The Electoral Commission (EC) has postponed indefinitely the limited voters registration exercise scheduled for June 20 to 29 this year.

This is to allow for further consultations between the EC and its stakeholders.

According to a source at the EC, the commission always relied on teachers to facilitate most electoral exercises but when the EC consulted the Ghana Education Service in relation to the limited registration exercise, it became apparent that the timing was not favourable.

The GES, the source explained, was in the last term of the academic year which was loaded with a lot of activities and therefore, the service could not assist effectively with the exercise.

According to the source, the limited registration exercise was likely to come off after July 24.

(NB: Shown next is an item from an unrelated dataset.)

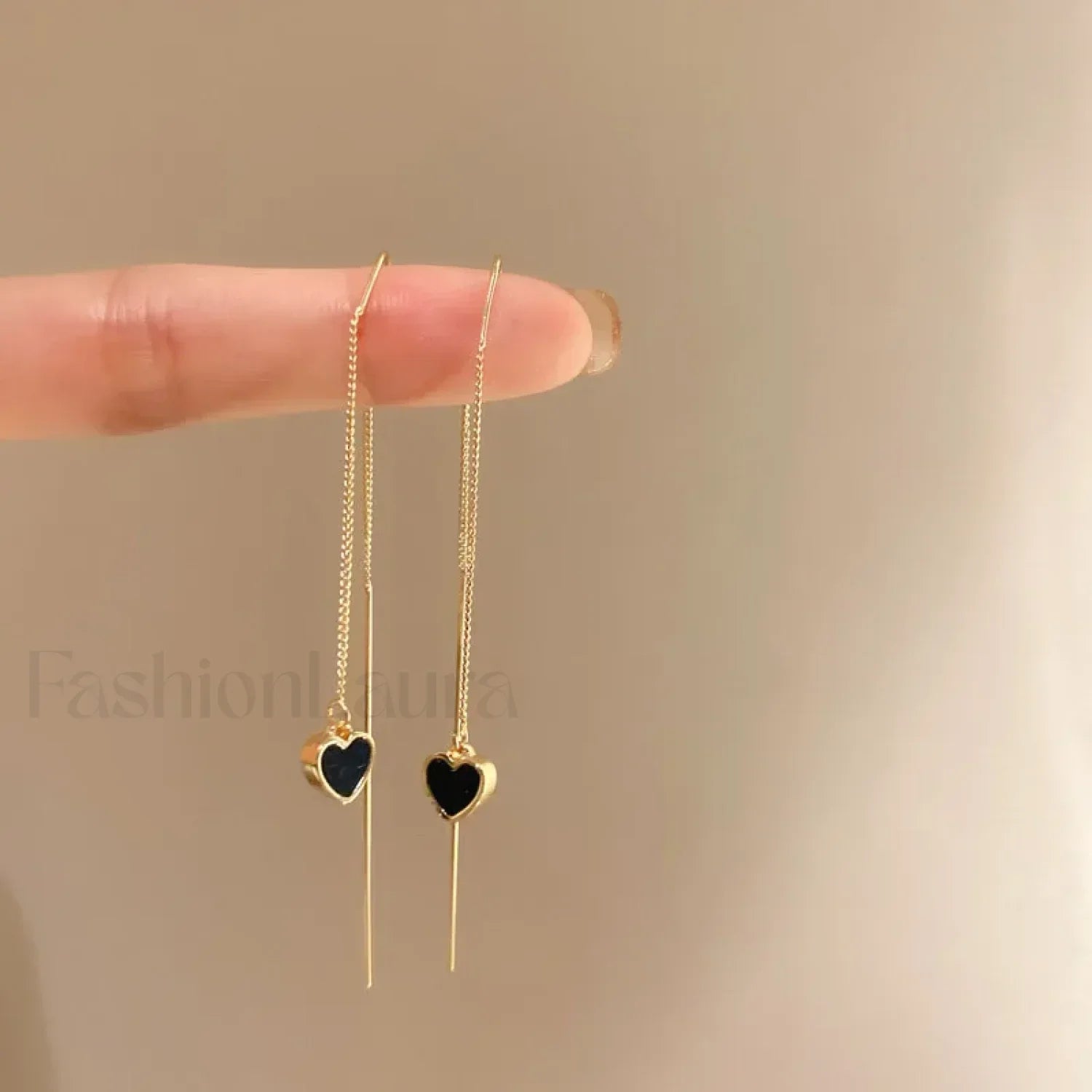 Black Heart Ear Line Long Hanging Gold Color Ear Wire Wholesale Earring Gold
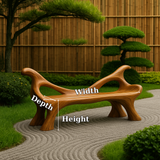 Handcrafted Solid Wood Bench with Backrest – Sculptural Organic Design for Garden & Patio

This was disclosed to the Daily Graphic after the Inter- Party Advisory Committee meeting in Accra yesterday.
Limited registration

The source said the registration exercise would be done on electoral area basis and larger electoral areas would be segmented.

It said after the registration exercise there would be an exhibition of the whole register at various polling stations to ensure that inconsistencies were addressed.

It said the EC was going to apply the C174 law in the upcoming limited voter’s registration exercise.

“The law says that location of registration should be where you live or where you are ordinarily resident. The law defines ordinarily resident as having lived in the location for at least 12 months in five years. It says where you sleep is where you live” it added.
NDC calls for prosecution

Meanwhile, the General Secretary of the National Democratic Congress (NDC), Mr Johnson Asiedu Nketia, speaking to journalists after the meeting, said NDC disagreed with the decision taken by the EC not to prosecute defaulting presiding officers in the 2012 general election.

According to him, the NDC would find ways of ensuring that the EC rescinded that decision.

Mr Nketia said the NDC insisted that the 905 presiding officers who either failed or refused to sign the pink sheets which resulted in the 2012 election petition should be prosecuted.

According to him, if people who breached the law were let off the hook just like that they would continue to breach the law.

“Prosecution is different from sentencing, however if they are prosecuted and they give their justifications before the court the whole nation will…” he added.

He said in the meeting stakeholders discussed how to improve on electoral processes in Ghana, among other issues.